104 Fla. 315 | Fla. | 1932
In this case Fred Smith and wife in December, 1924, purchased a parcel of land from Metzler and wife and assumed as a part of the purchase price the payment of a $12,000.00 mortgage held by one Bryant and also made and executed to Metzler a second mortgage to secure the balance of the purchase price. The second mortgage contained, amongst other things, the following clause:
*316"It is expressly agreed by and between the parties hereto that this mortgage is a Second Mortgage, and is given subject to a First Mortgage of $12,000.00 in favor of George W. Bryant. It is further agreed; If, in the event a renewal is secured of the first mortgage of $12,000.00 that the same shall remain a First Mortgage against the premises above described and that the indebtedness herein secured shall be Second, and subject to the First Mortgage of $12,000.00, as though the present mortgage had not been renewed. Intending by the foregoing that a new mortgage for $12,000.00 may be taken as such renewal."
When the Bryant mortgage had been paid, probably in full but certainly down to $2,000.00, the Smiths, in April, 1928, and about a month after Metzler had begun foreclosure proceedings, made a deal with Bryant and one Minnie I. Smith whereby they made a new mortgage to Bryant for $12,000.00. Bryant endorsed the notes without recourse and delivered them to Minnie I. Smith, together with an assignment of the new mortgage, and Minnie I. Smith delivered to Fred Smith and wife cash and securities in the sum of $12,000.00, or probably in the sum of $12,000.00 less $2,000.00. There is evidence to sustain either proposition in the record and the Chancellor evidently found the former proposition to have been established. The Metzlers filed suit to foreclose their second mortgage and, by amendment, included as defendants all necessary parties and the parties now before this Court. Fred Smith and wife filed answer, as did also Minnie I. Smith. (It appears that Minnie I. Smith is not related to Fred Smith and wife).
Replication was filed to the answers.
The issues presented were whether or not the last mortgage made by the Smiths to Bryant and immediately transferred by him to Minnie I. Smith was a renewal of the original Bryant mortgage as contemplated by the provisions above quoted contained in the mortgage from Fred Smith and wife to the Metzlers and was, therefore, prior in dignity to the Metzler mortgage. The Chancellor held that it was not. The evidence shows conclusively that the mortgage executed by Fred Smith and wife to Bryant was for the purpose of procuring from Minnie I. Smith money and securities in the sum of $12,000.00, though it may be that $2,000.00 of it was to go, and did go, to Bryant to pay off the first mortgage.

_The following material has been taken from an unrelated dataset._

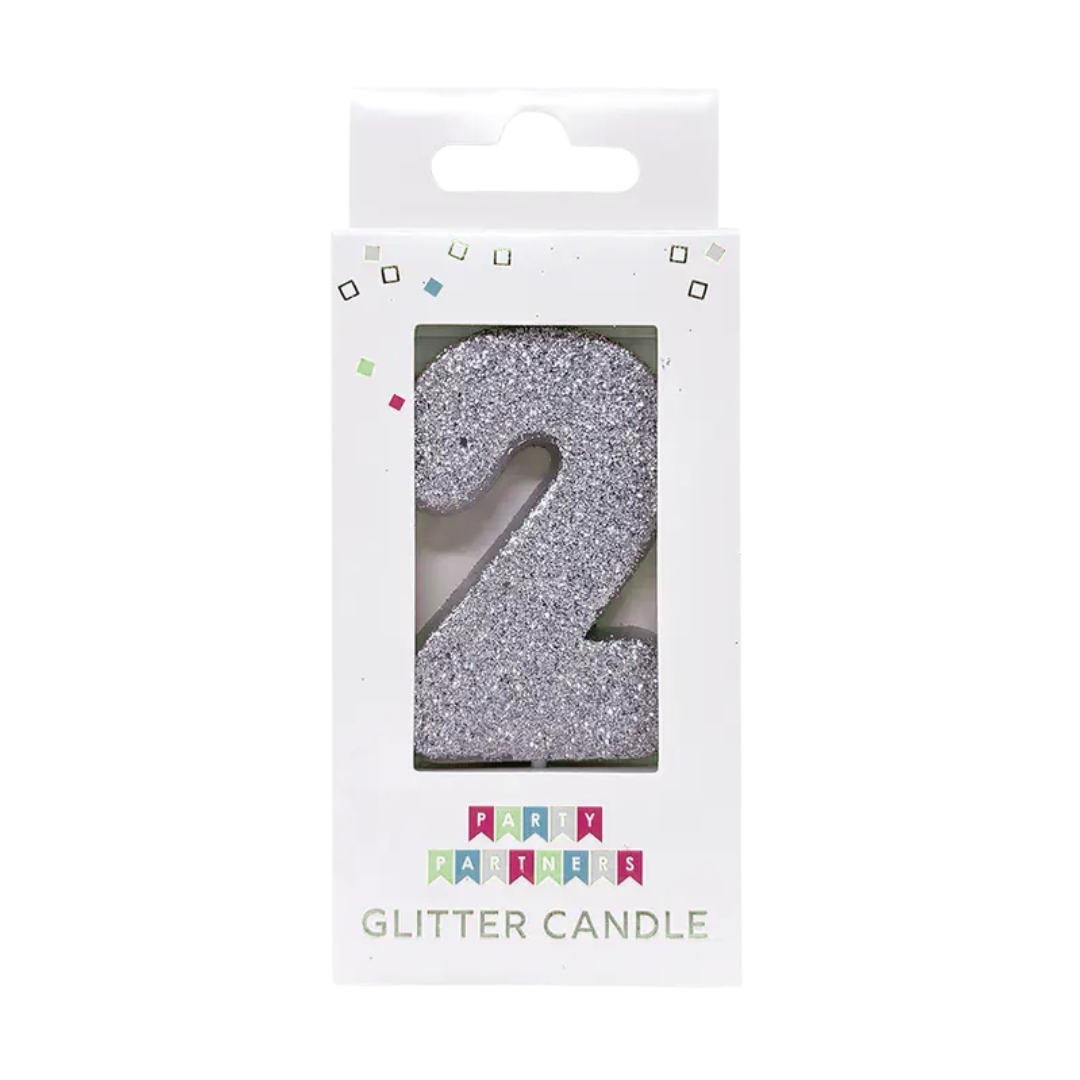 Silver number 2 glitter candle in packaging for birthday celebrations from Parte Haus party supply store in Bethesda Maryland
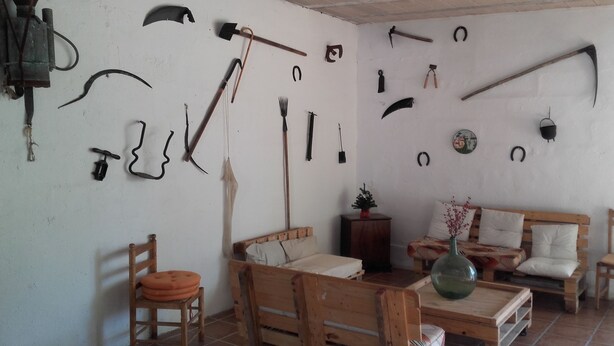 A room with a wooden sofa, a chair, and a small table. - La Llar de Laura (Amposta)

However, at any rate, the new mortgage was made for a new and entirely different consideration and there flowed to the *317 Smiths not only the satisfaction of the original mortgage but a large sum of money and valuable securities in addition thereto. It could in no sense be held to be a renewal of the original obligation.
It may be under the facts of the case that Minnie I. Smith could have established her right to subrogation to the lien of the original Bryant mortgage to the extent of $2,000.00 but certainly she could have done no more than that and this she did not attempt to do.
A careful perusal of the record discloses no reversible error. Therefore, the decree should be affirmed and it is so ordered.
Affirmed.
BUFORD, C.J., AND ELLIS AND BROWN, J.J., concur.
WHITFIELD, P.J., AND TERRELL AND DAVIS, J.J., concur in the opinion and judgment.